Working data:
──────

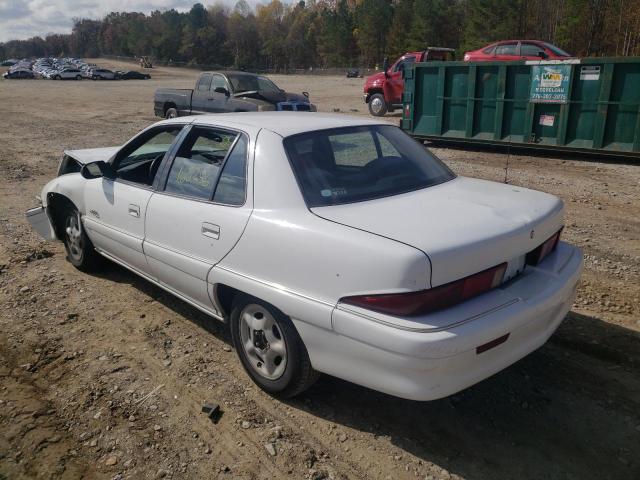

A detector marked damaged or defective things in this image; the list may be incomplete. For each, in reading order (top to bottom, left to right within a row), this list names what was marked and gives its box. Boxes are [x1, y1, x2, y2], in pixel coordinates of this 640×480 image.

wrecked vehicle [155, 71, 316, 119]
damaged front bumper [26, 203, 56, 240]
wrecked vehicle [27, 113, 584, 402]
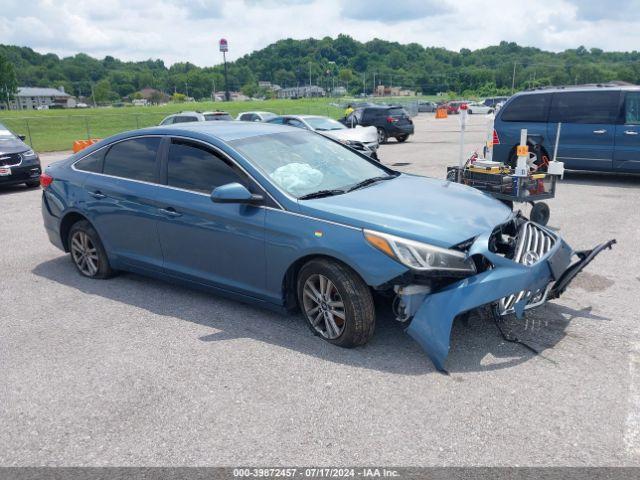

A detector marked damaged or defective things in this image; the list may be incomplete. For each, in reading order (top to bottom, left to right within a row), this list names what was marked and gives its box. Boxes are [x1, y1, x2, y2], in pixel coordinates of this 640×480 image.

damaged hyundai sonata [40, 122, 616, 370]
crushed front bumper [402, 222, 616, 372]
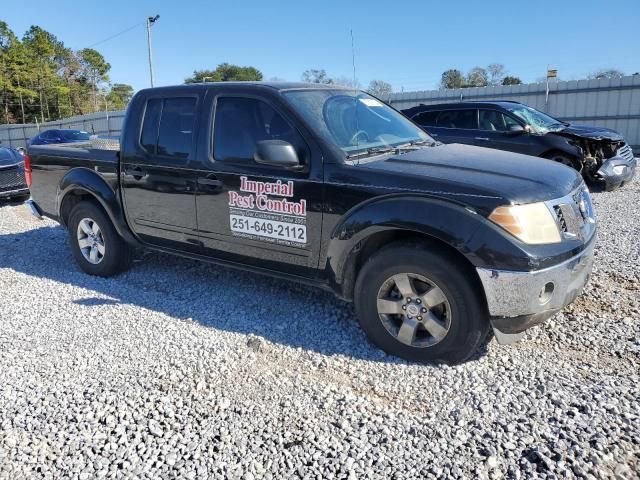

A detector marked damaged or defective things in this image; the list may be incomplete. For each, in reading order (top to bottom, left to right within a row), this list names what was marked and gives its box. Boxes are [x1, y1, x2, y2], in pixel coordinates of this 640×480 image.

damaged vehicle [404, 100, 636, 190]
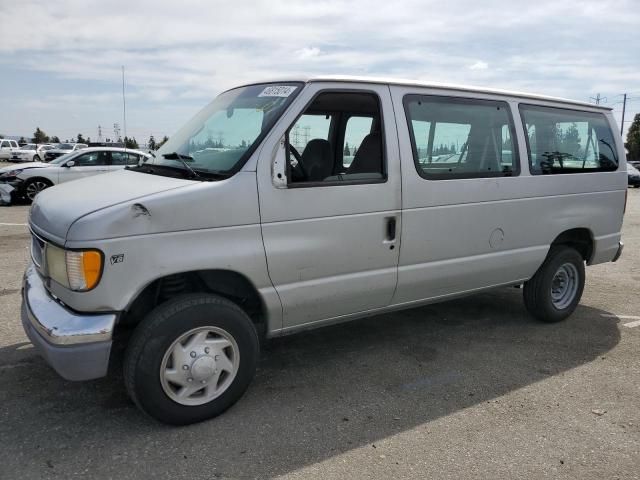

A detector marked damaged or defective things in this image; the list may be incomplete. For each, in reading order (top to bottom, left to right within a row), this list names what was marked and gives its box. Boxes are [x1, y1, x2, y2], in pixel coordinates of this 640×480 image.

dented hood [30, 170, 194, 244]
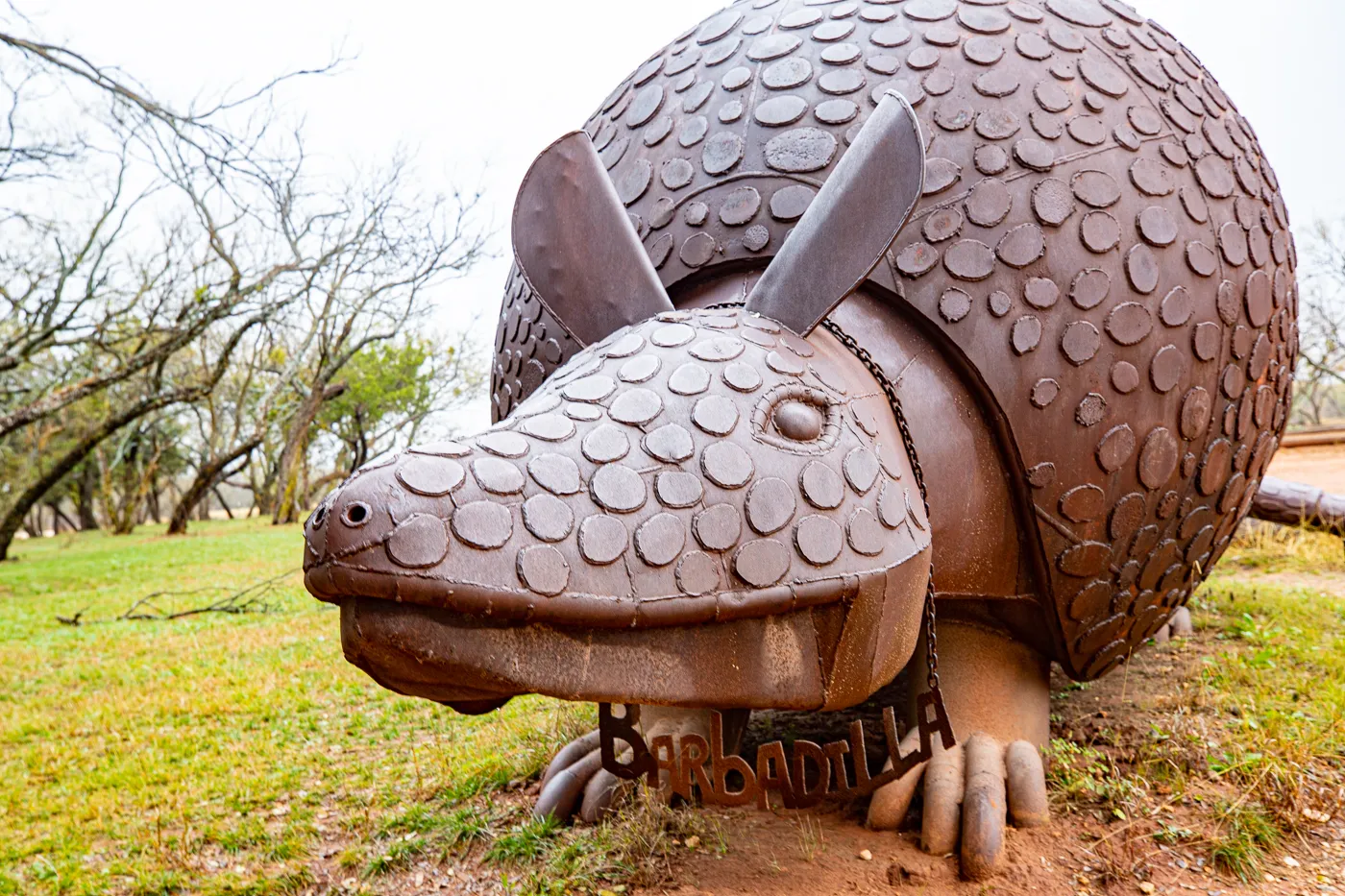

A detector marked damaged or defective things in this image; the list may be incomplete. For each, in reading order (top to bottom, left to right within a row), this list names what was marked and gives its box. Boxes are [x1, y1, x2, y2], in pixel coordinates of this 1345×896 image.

rusty metal surface [508, 132, 672, 350]
rusty metal surface [742, 91, 930, 334]
rusty metal surface [495, 0, 1302, 678]
rusty metal surface [1248, 478, 1345, 532]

──────

What is expected:
Your response should consist solely of the lines from the one containing "this 1345×896 image." to the end of the entries, both ends included, exactly as they appear.

Task output:
A detector marked damaged or defective things in this image; the list may be incomplete. For each, in reading order (top to bottom, left to right within a row), this list names what was marked and gives its box. Boxes are [x1, y1, x2, y2], in pixel coordinates of this 1345×896 image.

rusty metal surface [508, 132, 672, 350]
rusty metal surface [742, 91, 930, 334]
rusty metal surface [495, 0, 1302, 678]
rusty metal surface [1248, 478, 1345, 532]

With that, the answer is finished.